Claiming is the process by which the adoptive parents come to accept the adopted child as their own and as a full-fledged member of the family. Identifying similarities between the adopted child and adoptive parents and other family members facilitates acceptance of the child which gives the child the same status as a member of the family as other members. This may be difficult when there are differences in history, appearance, values, interests or behavior between family members.

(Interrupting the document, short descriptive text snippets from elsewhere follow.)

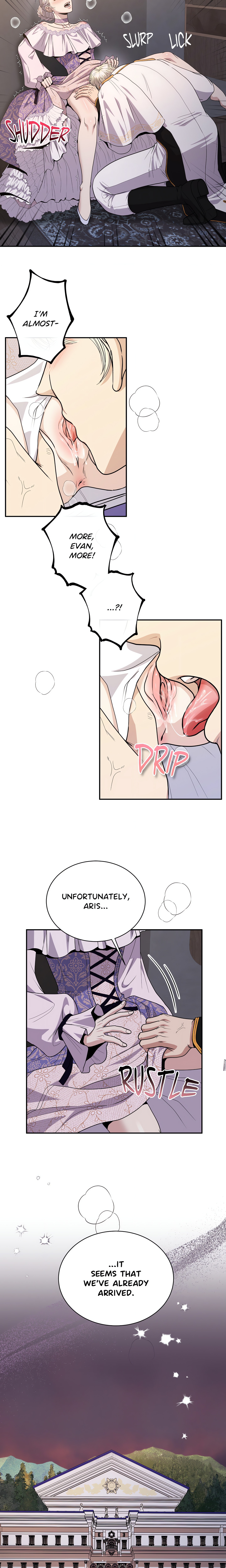 Beyond the Walls of the Duke’s Mansion (Official Uncensored) Page 11 - MangaHe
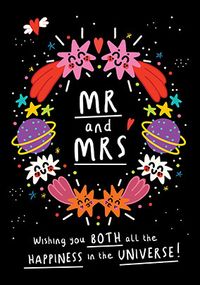 Tap to view Mr & Mrs Universe Wedding Card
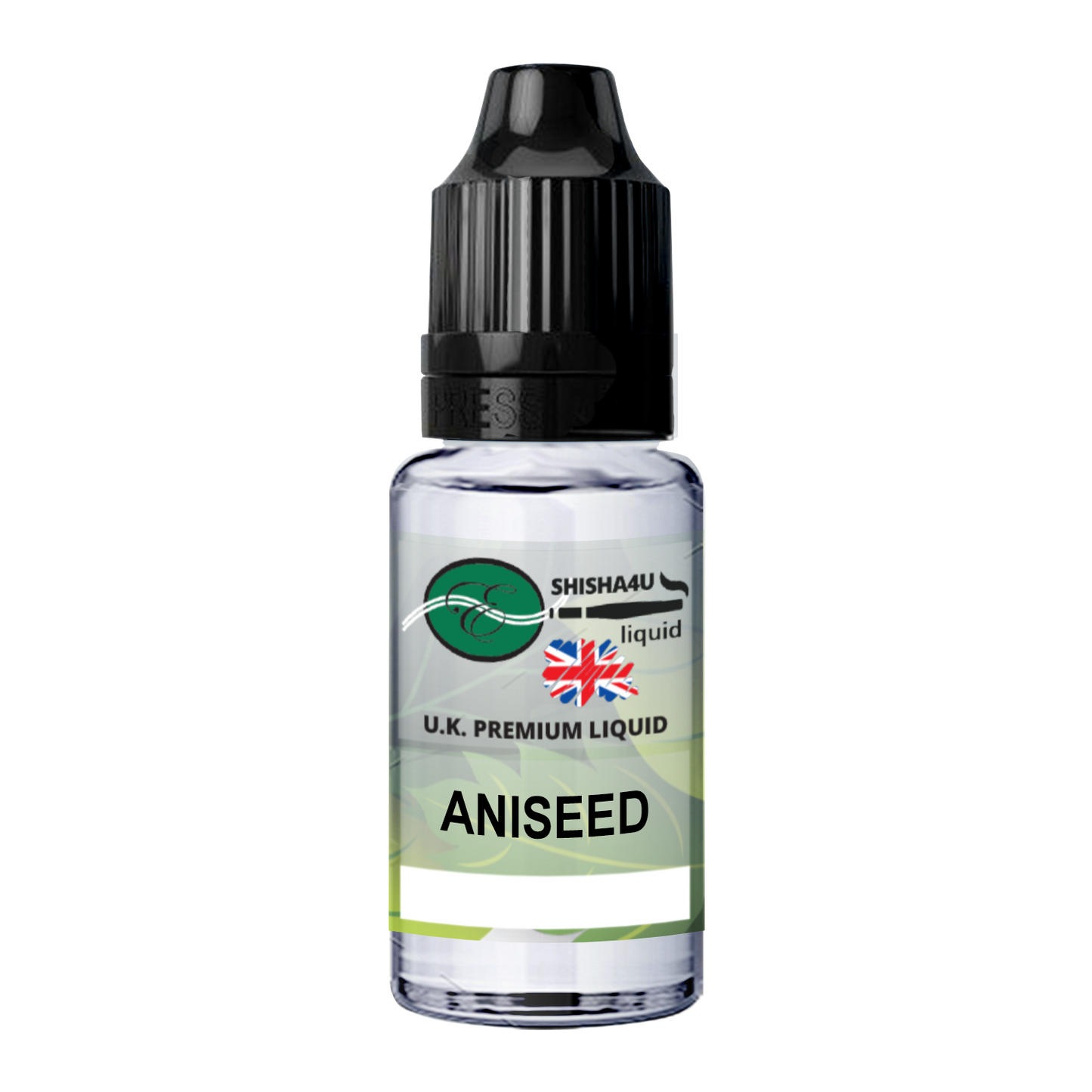 Eshisha4u UK Manufactured E-Liquid | 70/30 | 10ml | Aniseed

Family integration identifies the challenge of bringing two different family systems together, that of the adopted child, and of the adoptive family, to form a new family system. Formal and informal rules of family living, which have developed over the years, must suddenly change. New patterns of family interaction and new family roles must be developed so that life can get back to where all family members know what to expect.
Identify formation is an issue for the adoptive family and the adopted child. Identity relates to one's sense of self that has identifiable boundaries and value. Identity is rooted in family history. For a child with a history different than other family members this can present challenges. The family also seeks to find a new identity as an adopted child gains membership and everyone comes to know what being an adoptive family means. Identity is formed, both consciously and unconsciously, through experiences, interaction with and exposure to other people, and by making decisions concerning who one is and what one will be.
What is fetal alcohol syndrome (FAS)?
FAS is not a single birth defect. Instead, it's a cluster of related conditions, including:
- Characteristic facial shape or appearance (such as small eyelid openings, smooth skin surface between nose and upper lip)
- Small head size
- Retarded growth before and after birth
- Mental retardation
- Short attention span
- Behavioral problems
Babies with fetal alcohol effects (FAE) have some but not all of these characteristics. More recently, physicians have used the term "alcohol-related birth defects" to describe babies and children who have problems related to prenatal alcohol exposure but who don't meet the criteria for fetal alcohol syndrome.